* EXERCISE *
An exact copy is needed of the lines from the one that contains "Cinco semanas depois" through the final line of the data below, with pictures left out.

* DATA EXCERPTS *
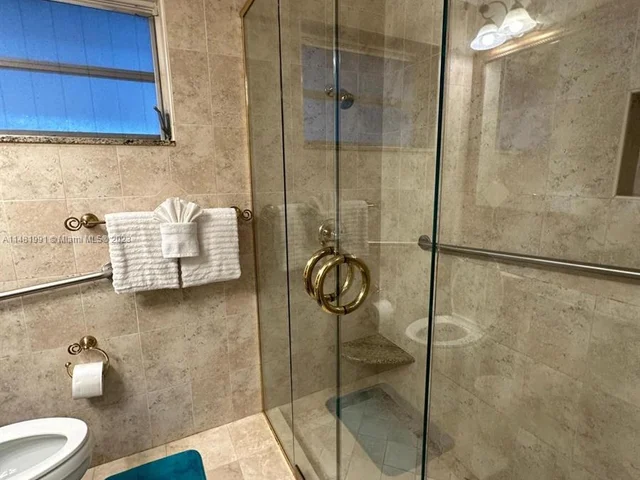 4931 Monroe St, Hollywood FL 33021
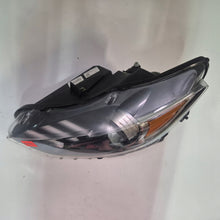 Laden Sie das Bild in den Galerie-Viewer, Frontscheinwerfer Ford JR3B-13005-AE Xenon Links Scheinwerfer Headlight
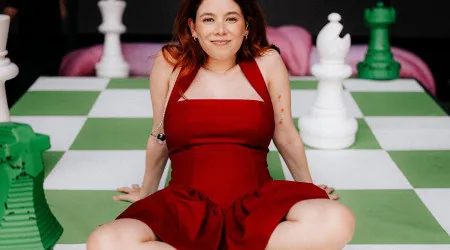 Cinco semanas depois de ser mãe, Bárbara Tinoco regressa aos palcos 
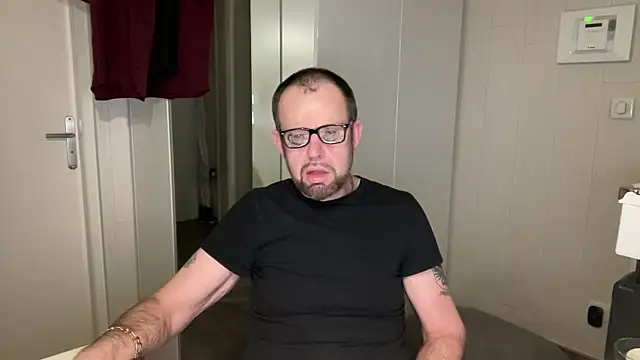 Snapshot of FABIOGLASSES chatting on 10, 2, 2026 FABIOGLASSES online show from 10, 2, 2026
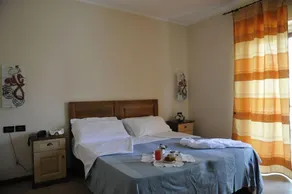Hotel Fly - Room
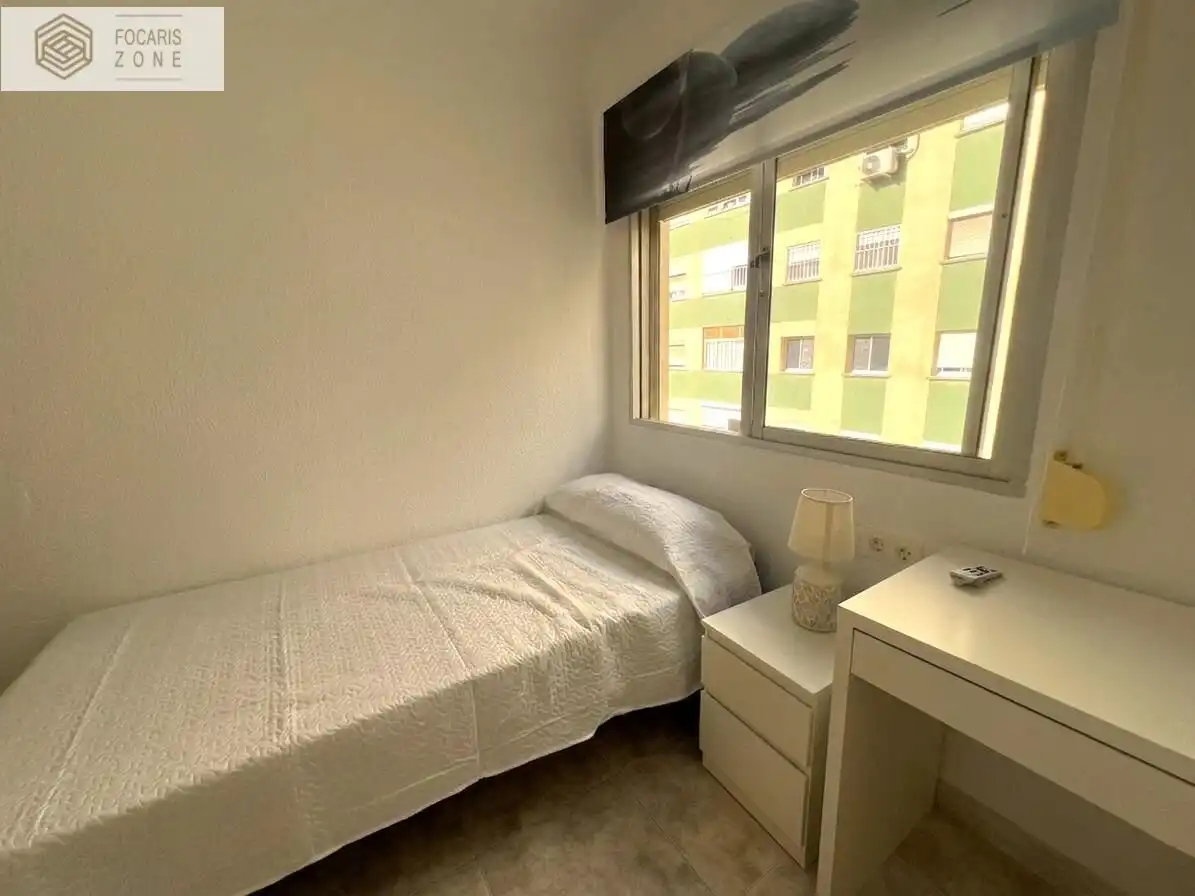 Bedroom of Flat for share in Málaga  with Terrace, Furnished and Balcony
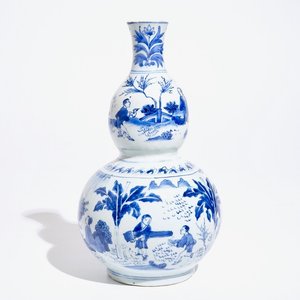 Un vase de forme double gourde en porcelaine de Chine bleu et blanc, Transition — photo 1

* COMPLETED TASK *
 Cinco semanas depois de ser mãe, Bárbara Tinoco regressa aos palcos 
 Snapshot of FABIOGLASSES chatting on 10, 2, 2026 FABIOGLASSES online show from 10, 2, 2026
Hotel Fly - Room
 Bedroom of Flat for share in Málaga  with Terrace, Furnished and Balcony
 Un vase de forme double gourde en porcelaine de Chine bleu et blanc, Transition — photo 1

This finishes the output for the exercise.